*Directions*: Give again, word for word, the line holding "Tucano Urbano Coprigambe" and every line after it through the end of the data below. Omit pictures.

Collected data entries:
###

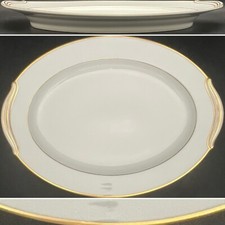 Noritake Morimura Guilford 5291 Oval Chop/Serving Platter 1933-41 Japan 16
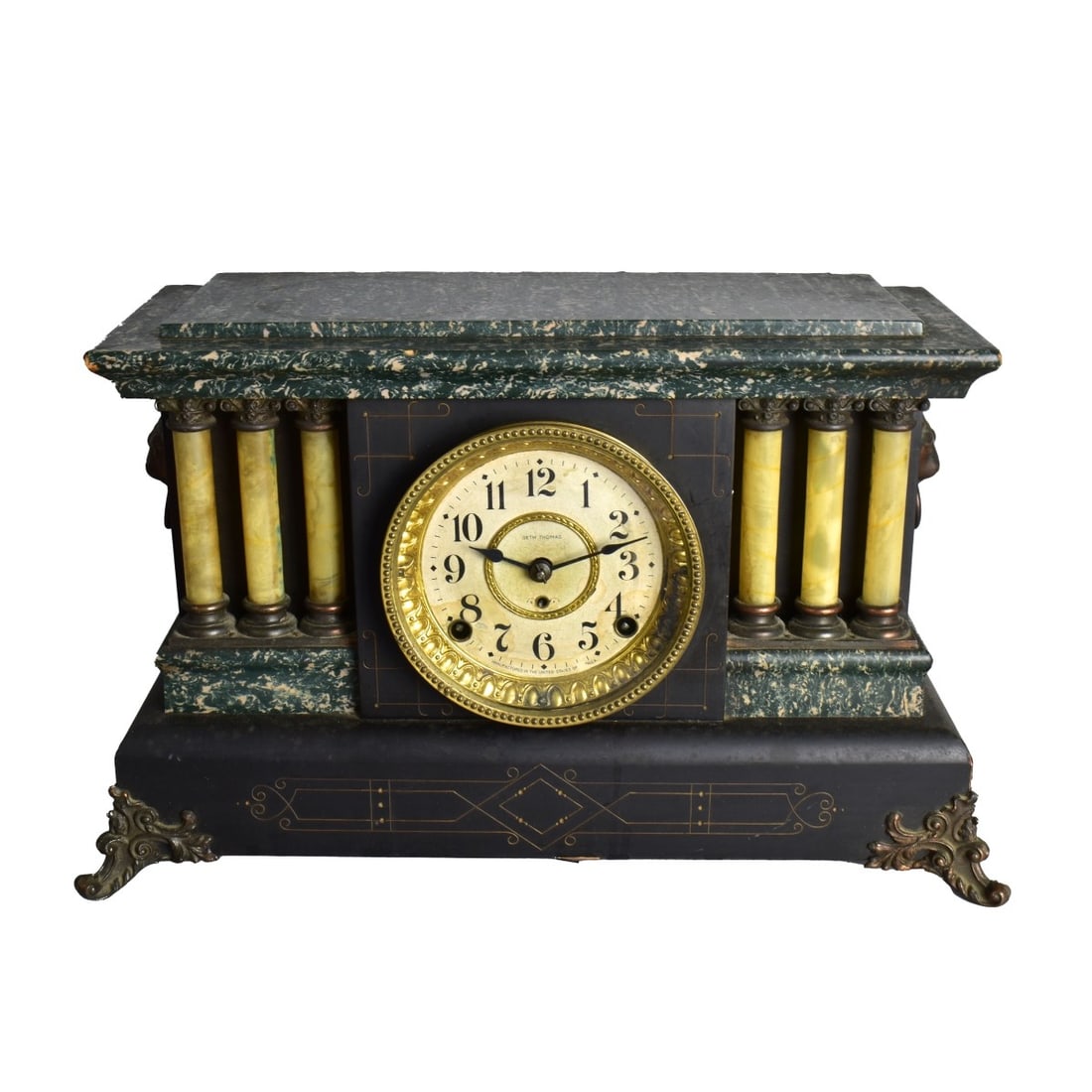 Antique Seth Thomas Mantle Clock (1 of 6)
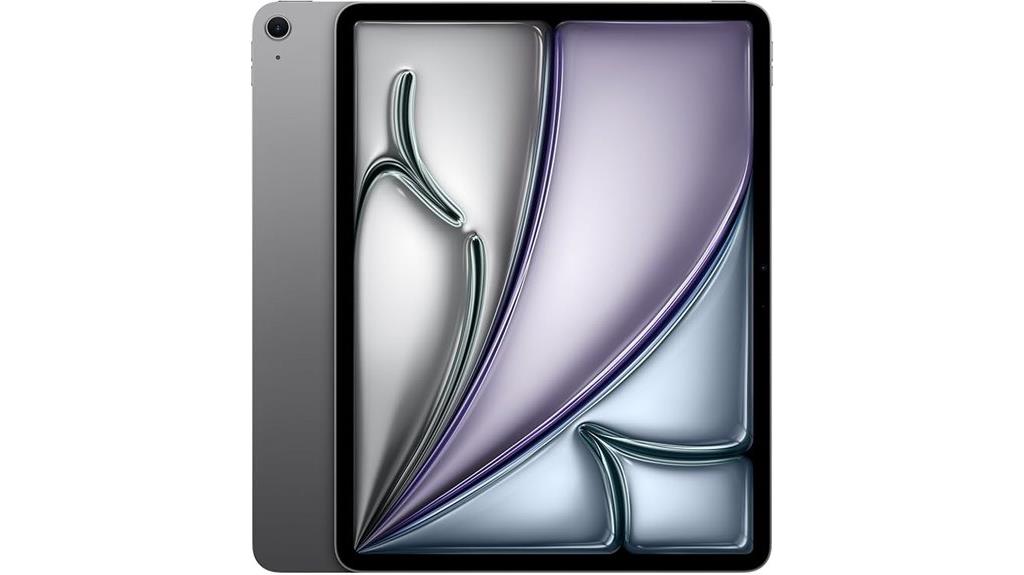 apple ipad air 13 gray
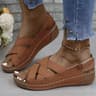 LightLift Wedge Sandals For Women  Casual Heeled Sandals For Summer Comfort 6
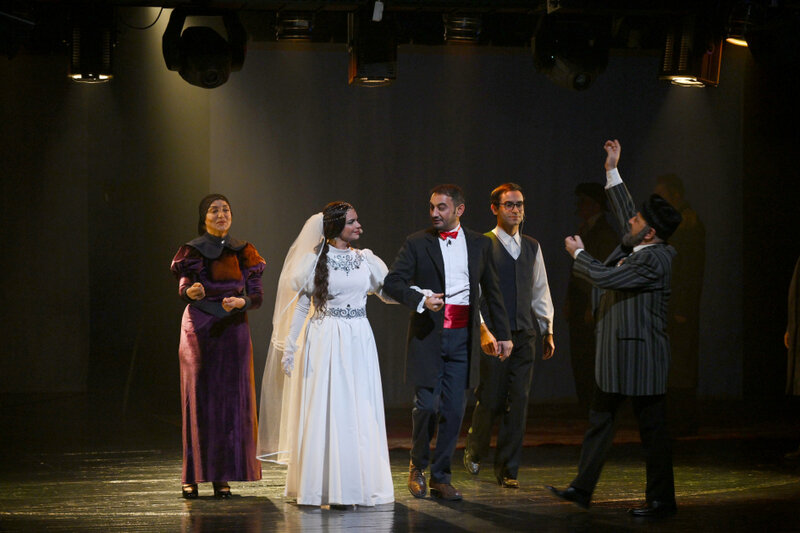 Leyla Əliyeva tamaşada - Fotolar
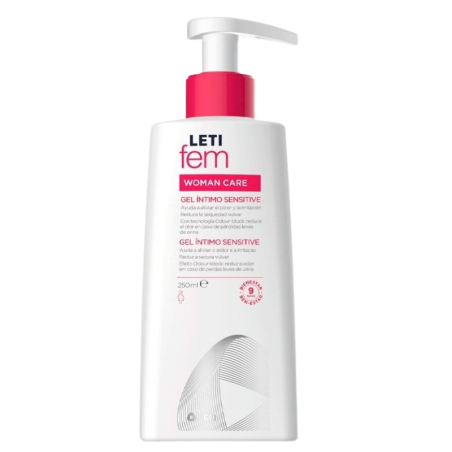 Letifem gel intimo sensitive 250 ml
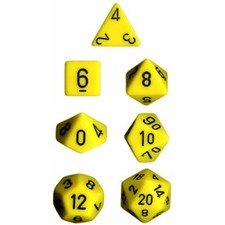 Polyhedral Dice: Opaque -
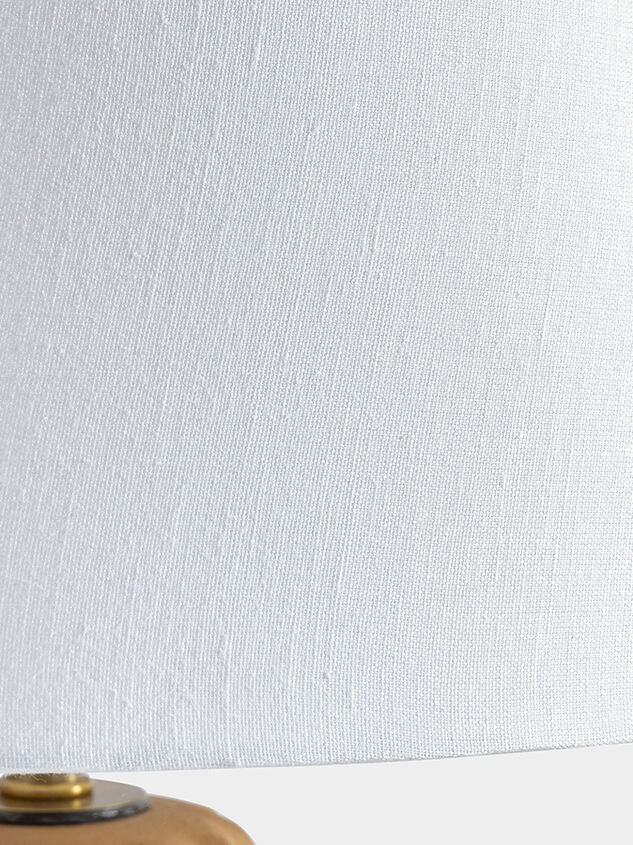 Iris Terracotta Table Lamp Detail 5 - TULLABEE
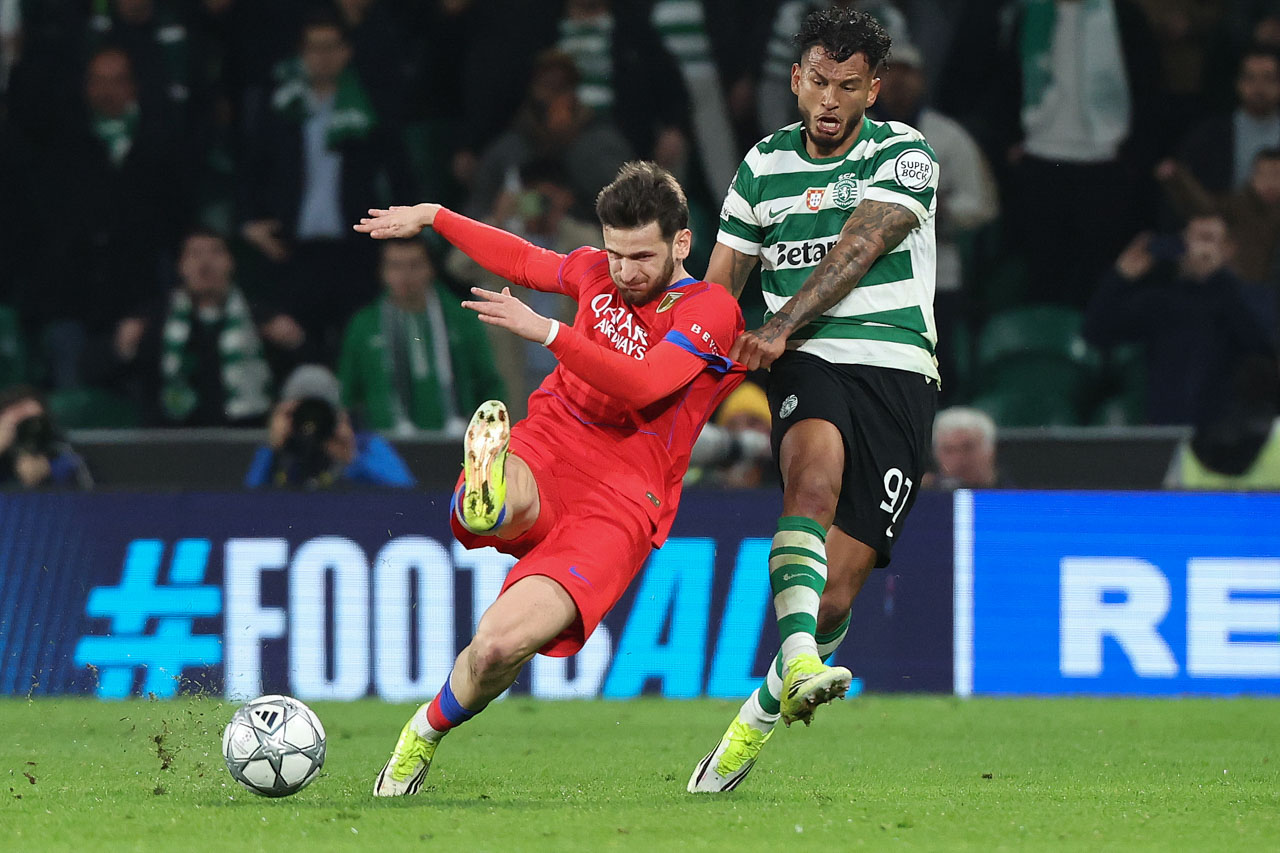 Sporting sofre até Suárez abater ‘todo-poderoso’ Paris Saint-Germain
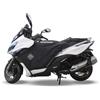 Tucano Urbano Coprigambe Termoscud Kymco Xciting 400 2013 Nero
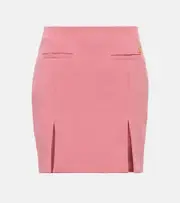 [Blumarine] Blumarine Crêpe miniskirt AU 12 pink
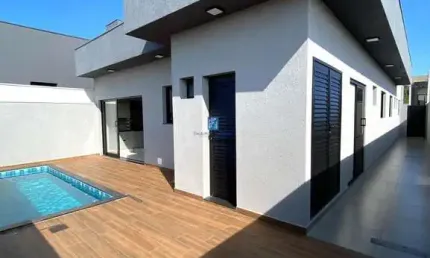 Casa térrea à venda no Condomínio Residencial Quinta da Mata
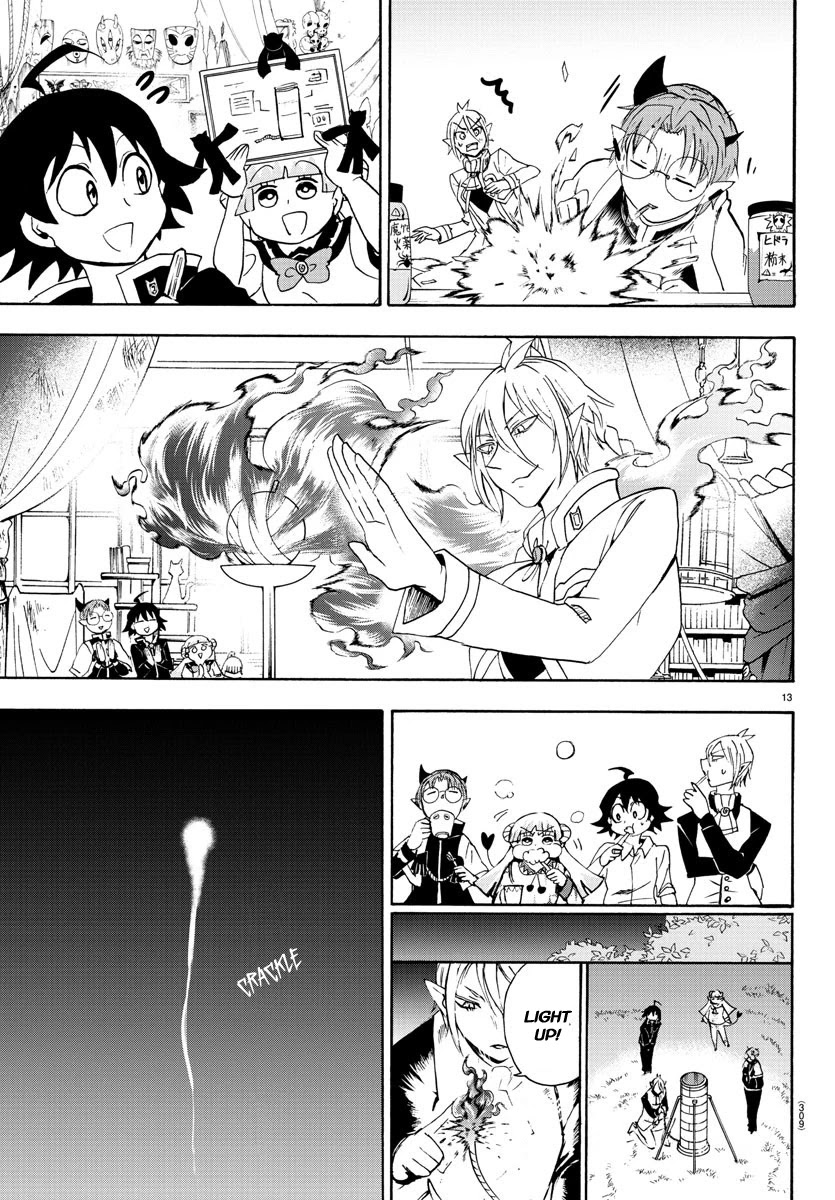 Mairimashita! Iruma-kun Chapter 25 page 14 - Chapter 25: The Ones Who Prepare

###

*Your solution*:
 Tucano Urbano Coprigambe Termoscud Kymco Xciting 400 2013 Nero
 [Blumarine] Blumarine Crêpe miniskirt AU 12 pink
 Casa térrea à venda no Condomínio Residencial Quinta da Mata
 Mairimashita! Iruma-kun Chapter 25 page 14 - Chapter 25: The Ones Who Prepare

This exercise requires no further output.